Что наша жизнь в Петербурге: все делается по кнопке. Нажал пуговку — лифт поднялся. Спустился, сел на трамвай, прочел «Биржевку» [69], опять нажал пуговку и поднялся в чью-то квартиру. Почти никакой затраты энергии на передвижение.
Но вот вы отъехали сотню, две верст от Петербурга. Спрашиваете лошадей из Песочков, нет их, почему-то не приехали. Ямщики, видя безвыходное положение, ломят цену за двенадцать верст восемь рублей. И дал бы, да уж очень безобразно. Посылаю на земскую станцию: соглашается везти за пять рублей. Отлично! Приезжают лошади, ямщики ворчат: дешево, и ругаются… «Везите к хозяину!» Ямщики, очевидно, встретились с теми, которых я раньше нанимал, а те посмеялись и наругались, что дешево. «Везите к хозяину!» Приехали в Соло-ды. А хозяин уже стоит посередине дороги.
— Дешево!
— Да зачем же вы соглашались?
— Соглашались, думали сухо, а оно грязно.
— Где же ваши глаза?
Начинается разговор, старались действовать то угрозами, то лаской, то ссылкой по-человечески на совесть.

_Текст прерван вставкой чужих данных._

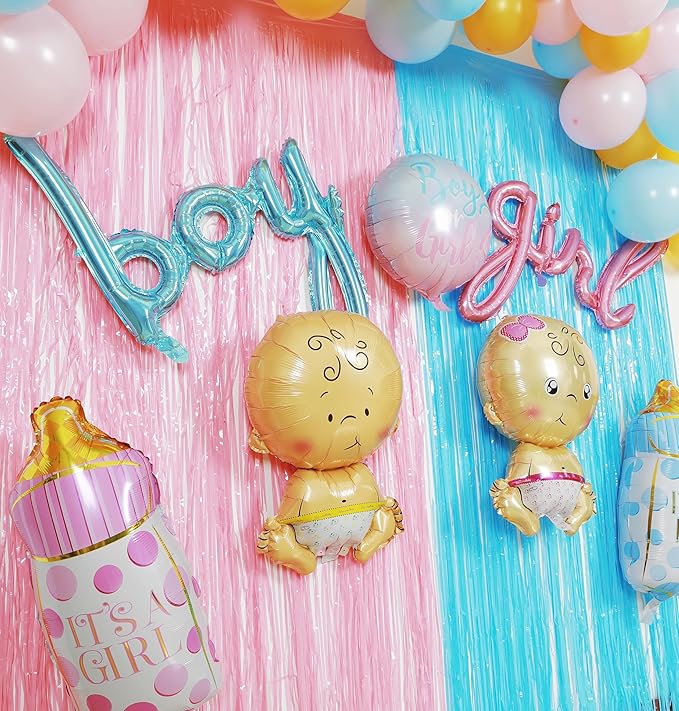 Baby Gender Reveal Balloons Party Decorations Supplies, Baby Shower Balloons Party Decorations, Pink, Blue, Yellow Latex Balloons, Shaped Balloons, Cupcake toppers, Foil curtains. Boy or Girl party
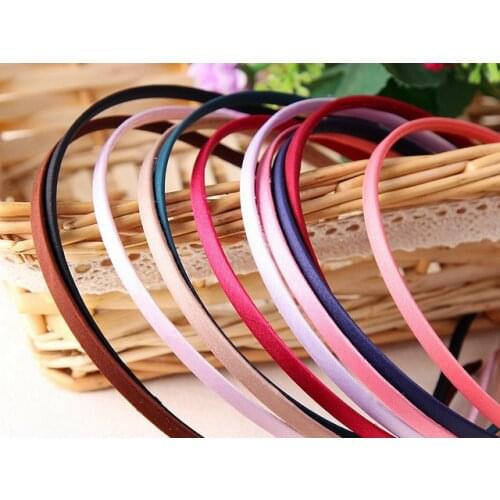10 Mixed Color Metal Headband Covered Satin Hair Band 5mm for DIY Craft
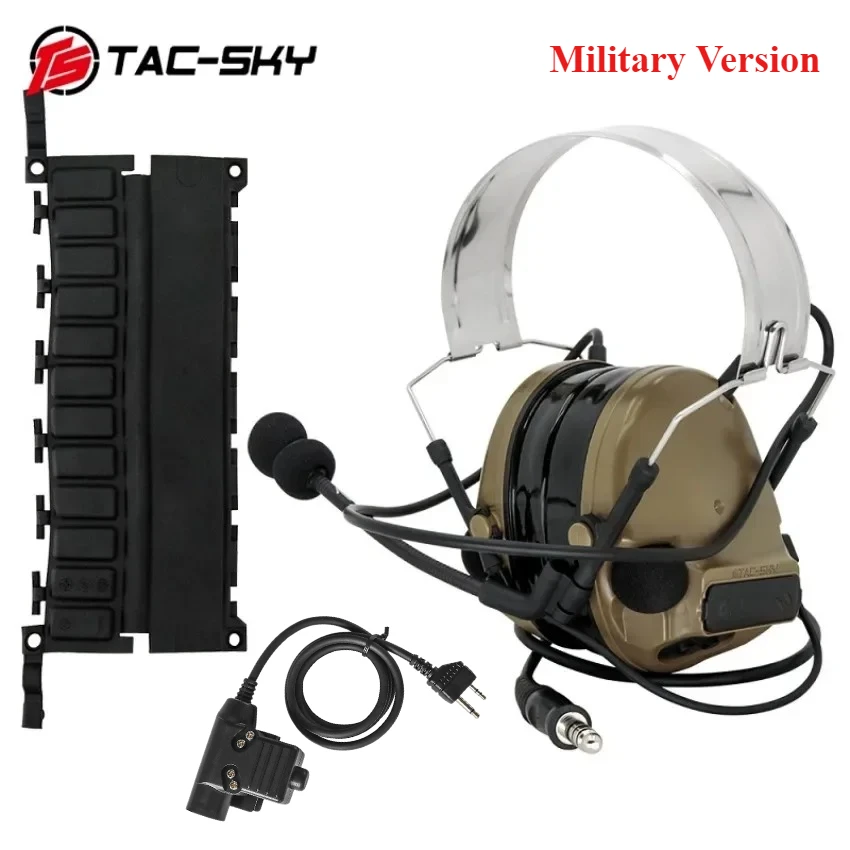 TAC-SKY Military Headset Tactical TSCIII Hearing Protection Pickup Noise Cancelling Headphone With Tactical ptt for Midland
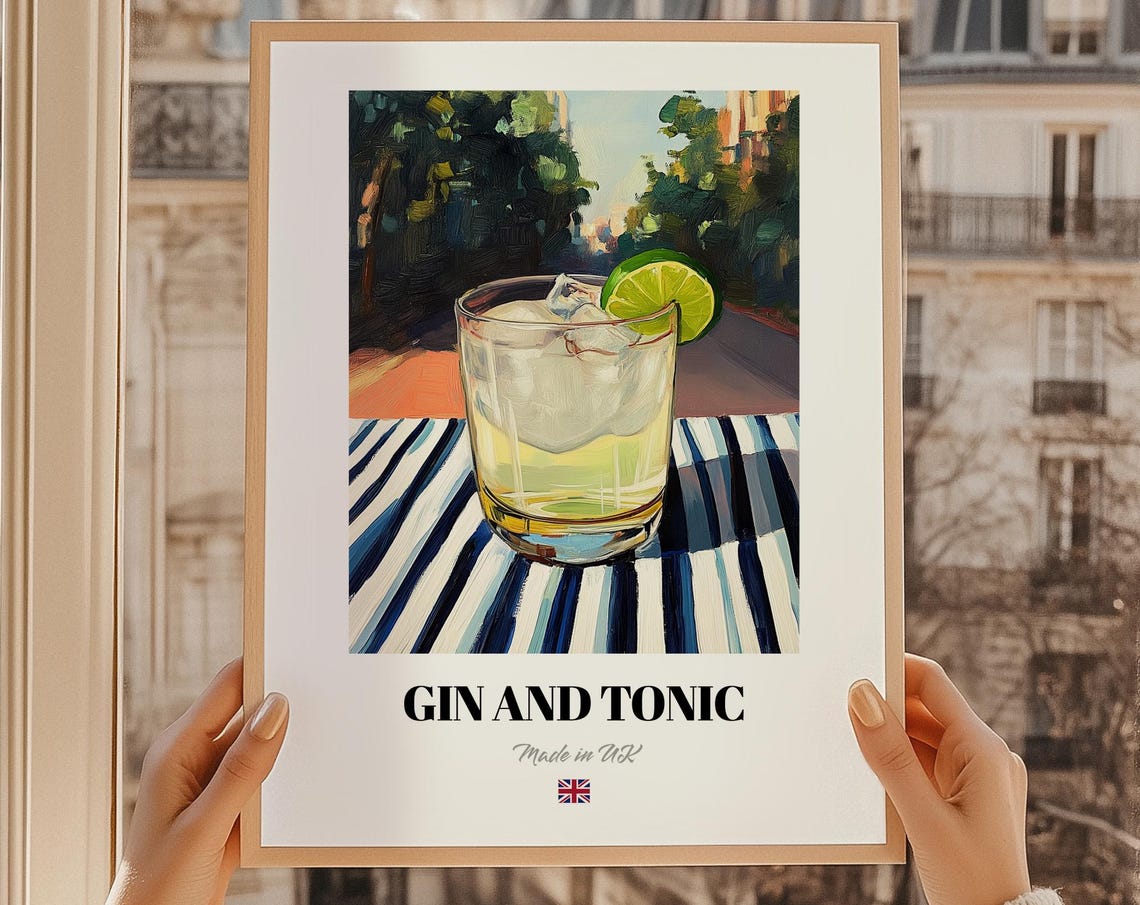 Gin And Tonic English Spirit Poster Bar Dcor Wall Art British Friend Gift Kitchen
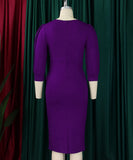 Fashionable Solid Color Round Neck Figure Hugging Dress
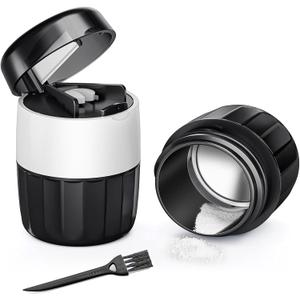 DEPAD 3-in-1 Pill Crusher and Pill Cutter, Pills Crusher Fine Powder with Stainless Steel Grinding Head, Pil Grinder with Storage for Tablets, Cutter Splitter for Small and Tiny Pills (2.2 x 2.2 x 3.2, Black)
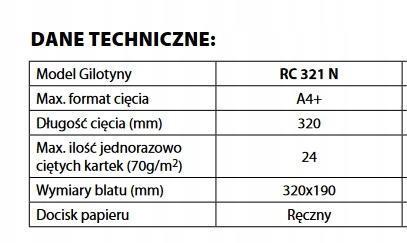 Gilotyna ręczna Argo RC321 N EAN (GTIN) 5903069019752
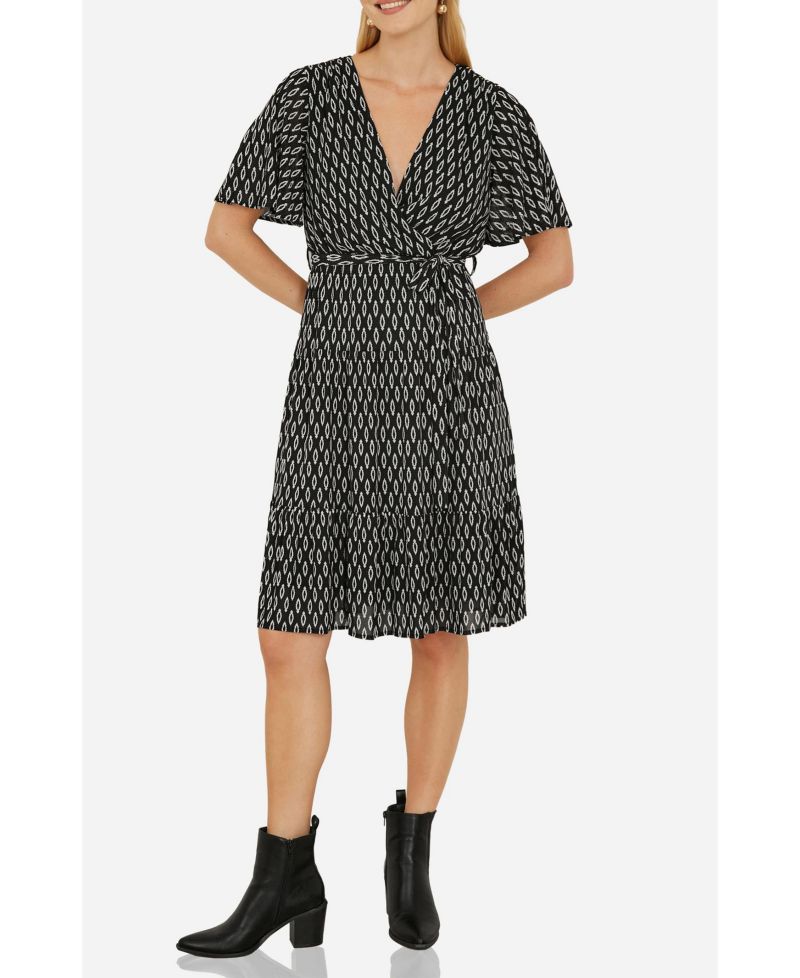 Women's Short Sleeve Tie Waist Midi Skater Dress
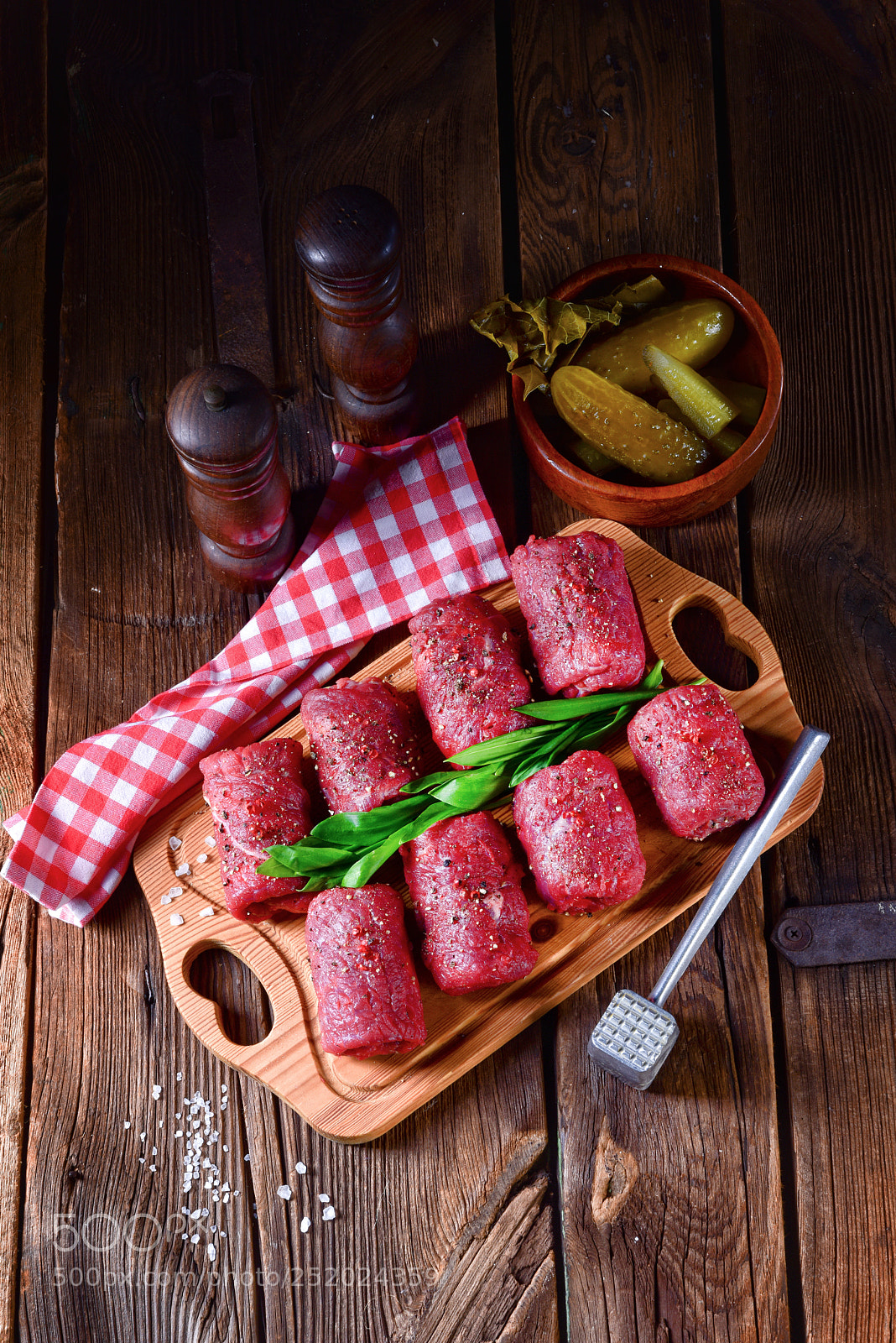 Nikon D810 sample photo. Fresh raw beef roulades photography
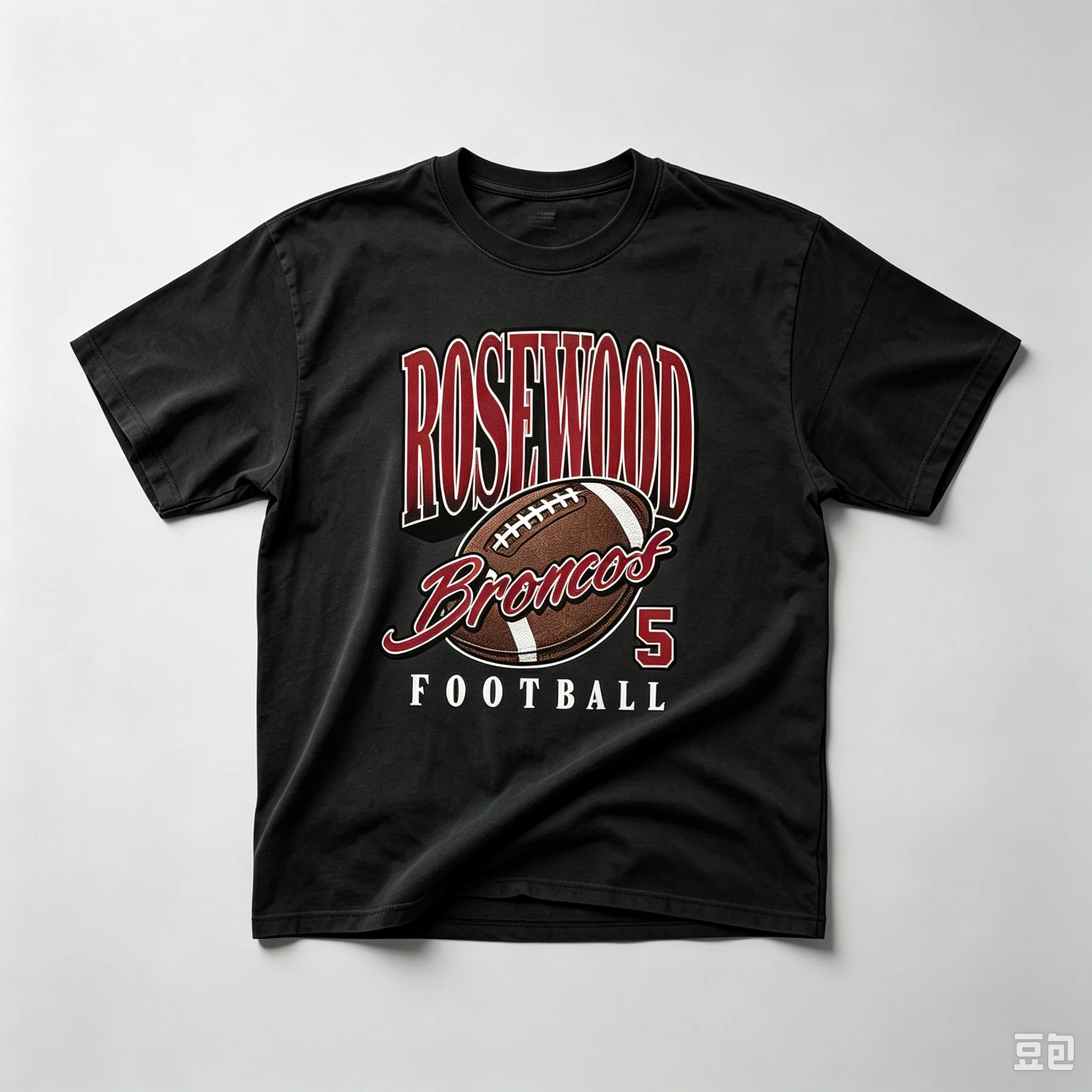 Vintage Rosewood Broncos Football Graphic T‑Shirt Retro Print Oversized Unisex Short Sleeve Streetwear Casual Cotton Daily Tops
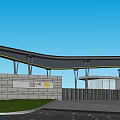 Modern Entrance Gate With Curved Canopy Metal Columns Grass And Paved Area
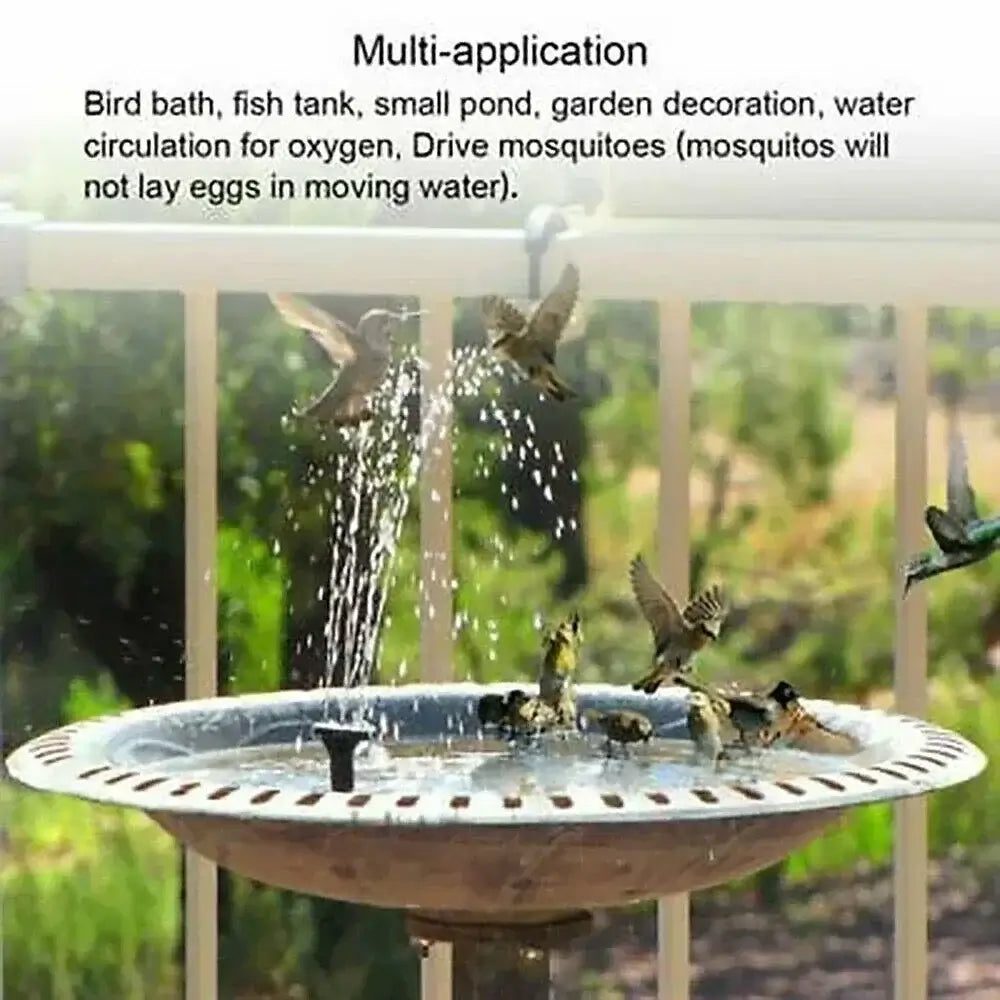 Pompe Fontaine Solaire Flottante – 4 Buses pour Bain d’Oiseaux, Bassin & Jardin Vert Un Jardin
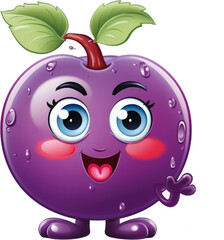Obraz premium Cute Cartoon Plum Character isolated on transparent png background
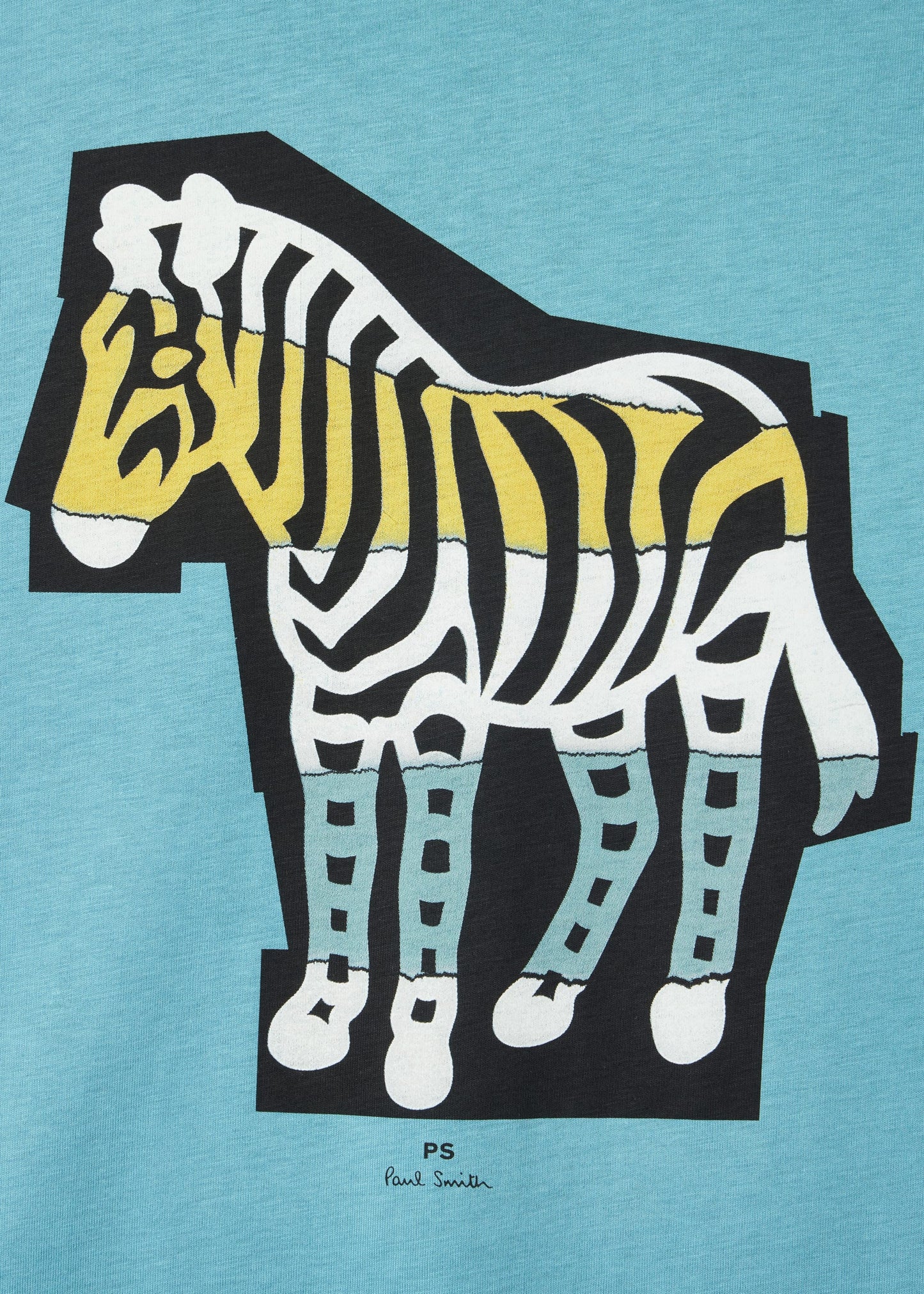 PAUL SMITH PS ZEBRA CUT OUT PRINT COTTON T-SHIRT LIGHT TEAL BLUE RRP £75 NEW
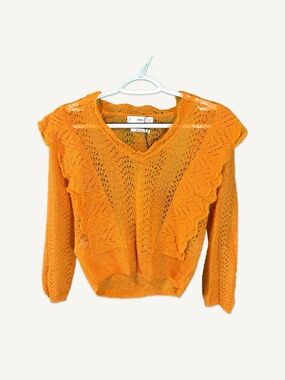 Mango Burnt Orange Knit Sweater Ruffle V Neck Lightweight XS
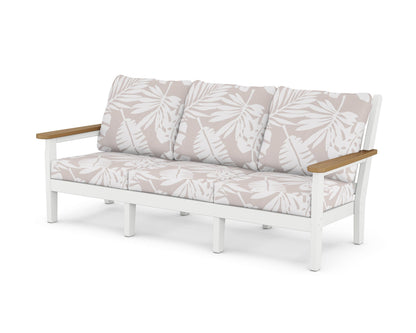 POLYWOOD® Chippendale Deep Seating Sofa in White / Natural / Leaf Dune Burlap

Ничего не помогает. Какие тут могут быть угрозы протоколами, если вокруг нет полиции, если семья на руках и нет кругом извозчиков, и грязь, и страх остаться ночевать с семьей в трактире с клопами, и знаешь, что все бесполезно, потому что Краснобаев, содержатель станции, только для меня, петербургского человека, представляется разбойником, а так он хороший степенный человек и большой приятель пристава. Тут одно средство: самому быть приятелем, своим в этом посаде, и вот если я барин, имею власть… ох, как хорошо бы власть! Только власть, другого выхода нет: не предложить же мне Краснобаеву что-нибудь приятное, выпить, что ли, с ним. Ведь это же будет унижение моей личности. Власть, власть! как бы согнулся этот Краснобаев, как бы кланялся… но вместе идти, закона нет…
В море грязи, беспомощный, сижу я и мечтаю о власти, а Краснобаев говорит:
— Федька, распрягай!
— Помилуйте, — говорю я Краснобаеву ласково, — куда же мне девать семью: видите, у меня семейство. Вы обещались. Что вам нужно?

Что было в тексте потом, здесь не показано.